"Emredin komutanım."
"Irak'ın kuzeybatısında, 2. üs civarında bir mezrada teröristlerle yapılan çatışmada 2 şehit verildi. Destek ekibin yetişmesine kalmadan da bir astsubay ve bir subay rehin alındı. Civar köylerden gelen bilgilere göre şehitlerimizin naaşlarını da propaganda haline getirmek için rehin askerlerle birlikte götürdüler... Demirkaya!"
"Emredin komutanım!"
"Deşifre olma pahasına o askerlerin yerlerini bul. Ne ölümüz ne dirimiz... Anladın mı üsteğmenim? Ne ölümüz ne dirimiz! Onlara verecek tek bir askerimiz yok!"
"Emredersiniz komutanım."
"Kano kod adlı bir terörist. Askerimizle irtibat kesilmeden hemen önce subayımızın bize verdiği isim bu."
Söyledikleriyle duraksadım.
"Komutanım, Kano'yu biliyorum. Bazı terör örgütlerine ağır silah yardımında bulunduğunu duymuştum. Ancak...her yerde Kano'nun öldüğü söylentisi dolaşıyor."
"Biliyorum üsteğmenim, lakin subayımız bu ismi sebepsiz vermiş olamaz. Görevin üsteğmenim, sana verilecek koordinatlara gidip subayımız ve astsubaylarımızı bulman. Önceliğimiz onlar."
"Emredersiniz komutanım."
"Allah yar ve yardımcın olsun."
"Sağ olun komutanım."
***
Gözümü önümdeki camdan ayırmadan adamın yansımasını takip etmeye devam ediyor alışverişini bitirmesini bekliyordum. Yaklaşık iki gündür her yerde askerler ile ilgili bilgi alma umuduyla bir zamanlar Kano için çalışan bu adamı takip ediyordum. Eğer tahminim doğruysa ve Kano yaşıyorsa bu sakallı hala ona çalışıyor demekti.

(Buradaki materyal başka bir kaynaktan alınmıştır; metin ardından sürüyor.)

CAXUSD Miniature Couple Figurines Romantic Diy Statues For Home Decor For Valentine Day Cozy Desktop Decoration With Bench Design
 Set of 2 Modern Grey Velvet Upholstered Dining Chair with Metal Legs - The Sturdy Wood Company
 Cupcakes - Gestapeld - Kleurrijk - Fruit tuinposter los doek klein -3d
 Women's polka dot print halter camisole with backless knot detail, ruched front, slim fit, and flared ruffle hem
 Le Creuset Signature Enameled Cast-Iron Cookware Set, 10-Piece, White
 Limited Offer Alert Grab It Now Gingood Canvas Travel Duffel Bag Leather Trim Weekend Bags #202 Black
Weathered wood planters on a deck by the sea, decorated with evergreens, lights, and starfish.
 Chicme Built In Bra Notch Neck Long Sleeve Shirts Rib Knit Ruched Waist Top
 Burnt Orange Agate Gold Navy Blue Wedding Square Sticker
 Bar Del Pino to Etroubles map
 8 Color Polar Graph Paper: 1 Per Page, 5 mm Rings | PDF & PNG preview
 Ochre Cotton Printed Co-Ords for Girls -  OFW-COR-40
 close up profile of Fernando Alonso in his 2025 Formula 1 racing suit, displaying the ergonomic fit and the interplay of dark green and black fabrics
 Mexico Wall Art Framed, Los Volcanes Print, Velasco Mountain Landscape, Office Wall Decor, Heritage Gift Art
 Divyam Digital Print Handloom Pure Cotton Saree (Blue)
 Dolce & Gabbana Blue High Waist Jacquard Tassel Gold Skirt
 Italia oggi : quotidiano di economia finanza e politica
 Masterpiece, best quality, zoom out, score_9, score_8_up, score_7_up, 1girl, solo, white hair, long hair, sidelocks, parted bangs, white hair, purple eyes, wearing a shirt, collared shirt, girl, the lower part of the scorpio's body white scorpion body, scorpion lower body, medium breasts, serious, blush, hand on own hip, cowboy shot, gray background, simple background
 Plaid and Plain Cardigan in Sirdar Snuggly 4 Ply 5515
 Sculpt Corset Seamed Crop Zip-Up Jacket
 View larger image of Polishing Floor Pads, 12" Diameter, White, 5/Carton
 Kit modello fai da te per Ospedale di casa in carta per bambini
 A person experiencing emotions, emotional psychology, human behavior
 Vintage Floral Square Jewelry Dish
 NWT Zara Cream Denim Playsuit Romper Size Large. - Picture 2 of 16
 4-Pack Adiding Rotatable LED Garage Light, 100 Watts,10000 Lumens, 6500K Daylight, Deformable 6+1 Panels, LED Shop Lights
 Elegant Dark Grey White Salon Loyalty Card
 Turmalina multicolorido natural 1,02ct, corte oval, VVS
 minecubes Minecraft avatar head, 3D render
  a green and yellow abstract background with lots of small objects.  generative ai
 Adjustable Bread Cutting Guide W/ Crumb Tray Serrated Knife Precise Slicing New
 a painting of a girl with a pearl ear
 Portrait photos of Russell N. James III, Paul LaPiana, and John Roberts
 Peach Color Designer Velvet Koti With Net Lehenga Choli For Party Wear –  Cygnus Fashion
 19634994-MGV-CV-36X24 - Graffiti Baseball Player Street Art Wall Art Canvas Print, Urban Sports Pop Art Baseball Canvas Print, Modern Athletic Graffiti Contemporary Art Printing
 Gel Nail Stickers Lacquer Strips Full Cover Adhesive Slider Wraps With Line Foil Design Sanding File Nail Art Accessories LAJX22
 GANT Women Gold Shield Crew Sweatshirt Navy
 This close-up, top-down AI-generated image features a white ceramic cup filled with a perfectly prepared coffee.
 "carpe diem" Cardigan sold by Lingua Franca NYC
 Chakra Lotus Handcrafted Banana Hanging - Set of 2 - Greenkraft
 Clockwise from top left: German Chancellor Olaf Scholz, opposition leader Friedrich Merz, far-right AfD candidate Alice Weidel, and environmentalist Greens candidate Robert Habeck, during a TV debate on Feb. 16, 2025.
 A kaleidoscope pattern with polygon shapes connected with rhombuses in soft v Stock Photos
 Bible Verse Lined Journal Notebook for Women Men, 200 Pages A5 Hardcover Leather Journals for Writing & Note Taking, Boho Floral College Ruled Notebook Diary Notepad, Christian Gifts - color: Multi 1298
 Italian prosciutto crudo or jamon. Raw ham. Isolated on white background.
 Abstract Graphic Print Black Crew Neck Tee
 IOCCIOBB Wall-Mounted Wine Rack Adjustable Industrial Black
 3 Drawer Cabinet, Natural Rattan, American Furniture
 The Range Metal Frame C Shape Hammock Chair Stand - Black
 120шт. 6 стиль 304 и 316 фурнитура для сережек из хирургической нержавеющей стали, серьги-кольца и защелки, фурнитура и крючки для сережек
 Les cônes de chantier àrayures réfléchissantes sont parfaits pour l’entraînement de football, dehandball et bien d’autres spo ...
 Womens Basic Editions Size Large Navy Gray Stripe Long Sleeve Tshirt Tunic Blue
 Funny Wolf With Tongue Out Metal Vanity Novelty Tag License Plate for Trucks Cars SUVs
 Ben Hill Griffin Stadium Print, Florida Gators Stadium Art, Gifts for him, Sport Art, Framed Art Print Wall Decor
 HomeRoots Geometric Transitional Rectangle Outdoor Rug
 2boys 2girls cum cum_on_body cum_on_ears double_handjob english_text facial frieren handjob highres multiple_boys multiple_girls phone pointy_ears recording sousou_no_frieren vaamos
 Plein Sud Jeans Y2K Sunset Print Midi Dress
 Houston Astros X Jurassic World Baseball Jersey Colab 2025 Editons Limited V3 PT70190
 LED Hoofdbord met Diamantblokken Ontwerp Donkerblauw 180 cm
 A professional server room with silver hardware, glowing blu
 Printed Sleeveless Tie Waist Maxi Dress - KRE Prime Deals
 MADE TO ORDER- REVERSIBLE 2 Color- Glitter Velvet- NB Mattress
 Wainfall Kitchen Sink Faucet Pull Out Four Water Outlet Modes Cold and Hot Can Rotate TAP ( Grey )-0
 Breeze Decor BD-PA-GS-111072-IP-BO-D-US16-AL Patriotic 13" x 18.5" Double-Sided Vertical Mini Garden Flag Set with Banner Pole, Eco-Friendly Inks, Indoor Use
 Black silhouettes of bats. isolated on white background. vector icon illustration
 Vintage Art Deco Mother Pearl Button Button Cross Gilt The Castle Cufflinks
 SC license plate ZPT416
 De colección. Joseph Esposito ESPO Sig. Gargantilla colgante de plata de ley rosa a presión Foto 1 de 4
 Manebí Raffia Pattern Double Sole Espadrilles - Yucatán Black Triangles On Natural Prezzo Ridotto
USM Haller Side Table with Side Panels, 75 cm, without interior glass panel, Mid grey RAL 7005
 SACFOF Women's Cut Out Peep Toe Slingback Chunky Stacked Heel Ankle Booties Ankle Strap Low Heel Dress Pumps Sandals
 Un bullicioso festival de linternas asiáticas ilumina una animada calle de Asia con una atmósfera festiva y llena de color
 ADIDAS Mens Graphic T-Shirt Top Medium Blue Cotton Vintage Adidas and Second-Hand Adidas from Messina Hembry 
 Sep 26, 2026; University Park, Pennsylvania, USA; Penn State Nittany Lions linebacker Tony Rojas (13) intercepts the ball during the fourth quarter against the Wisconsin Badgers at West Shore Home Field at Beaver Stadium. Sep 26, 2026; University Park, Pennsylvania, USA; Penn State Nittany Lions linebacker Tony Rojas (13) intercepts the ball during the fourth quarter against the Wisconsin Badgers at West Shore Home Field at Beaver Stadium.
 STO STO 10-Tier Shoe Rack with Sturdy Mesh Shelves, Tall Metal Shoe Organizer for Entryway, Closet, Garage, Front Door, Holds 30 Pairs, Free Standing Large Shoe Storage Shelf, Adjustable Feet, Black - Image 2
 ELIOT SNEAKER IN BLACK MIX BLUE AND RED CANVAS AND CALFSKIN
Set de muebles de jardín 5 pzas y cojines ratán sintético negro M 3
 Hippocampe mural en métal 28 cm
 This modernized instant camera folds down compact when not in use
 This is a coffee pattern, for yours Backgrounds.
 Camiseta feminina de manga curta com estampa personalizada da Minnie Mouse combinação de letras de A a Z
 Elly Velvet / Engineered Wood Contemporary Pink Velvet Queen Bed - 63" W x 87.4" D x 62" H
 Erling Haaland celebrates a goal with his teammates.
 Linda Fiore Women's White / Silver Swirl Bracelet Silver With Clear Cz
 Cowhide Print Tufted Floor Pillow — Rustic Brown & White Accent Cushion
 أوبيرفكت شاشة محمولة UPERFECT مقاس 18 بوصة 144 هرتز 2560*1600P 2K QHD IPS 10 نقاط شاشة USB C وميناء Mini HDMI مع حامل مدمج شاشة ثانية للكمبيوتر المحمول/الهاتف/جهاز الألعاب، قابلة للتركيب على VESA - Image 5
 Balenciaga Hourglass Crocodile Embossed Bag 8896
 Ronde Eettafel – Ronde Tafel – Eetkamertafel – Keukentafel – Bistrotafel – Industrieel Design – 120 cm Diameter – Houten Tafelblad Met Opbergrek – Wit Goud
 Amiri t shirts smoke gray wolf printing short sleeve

Adamın alışverişini bitirmesiyle birlikte arkasından takibe devam ettim. Bir süre sonra bir terzinin önünde durup etrafını kolaçan etmeye başlayınca hızla yandaki tezgahtan bir kumaş alıp arkasından içeri geçtim.
Tezgahın arkasındaki aralık kapıdan gelen fısıltılarla peçemi burnumun üstüne kadar kaldırıp biraz yaklaştım.
"Ne işe yarıyor bu Haso?"
Kısık ama kaba bir gülüşün arsından başka bir ses geldi.
"Bu ilacı o askerlere içir, göreceksin zaten Tefşit. İlaç yurt dışından gizli yollarla zar zor getirildi. O askerleri bununla mankurtlaştırabilirsiniz. O kadar."
"Vay vay vay. O kadar da direniyorlardı. İşte şimdi görecek o albay. Neyse, parayı gece yarısı aşağı köyde, tepedeki evden alın."
Hızla dışarı çıkıp kırmızı kamyonun arkasına geçtim. Terziden çıkan adamı takip etmeye başladım. Sürekli ceketinin iç cebine giden eli ve sırıtıp durması, bahsettiği ilacın yerini belli ediyordu. Adam ilçeden çıkar çıkmaz bir ağacın arkasında, üstündeki cübbeyi ve başındaki puşiyi çıkardığında klasik kıyafetleriyle kaldı ardından da devam etti.
Üstümdeki siyah çarşaf artık sıcaktan patlama eşiğine getirse de terimi bile silmeye vaktimin olmadığını biliyordum.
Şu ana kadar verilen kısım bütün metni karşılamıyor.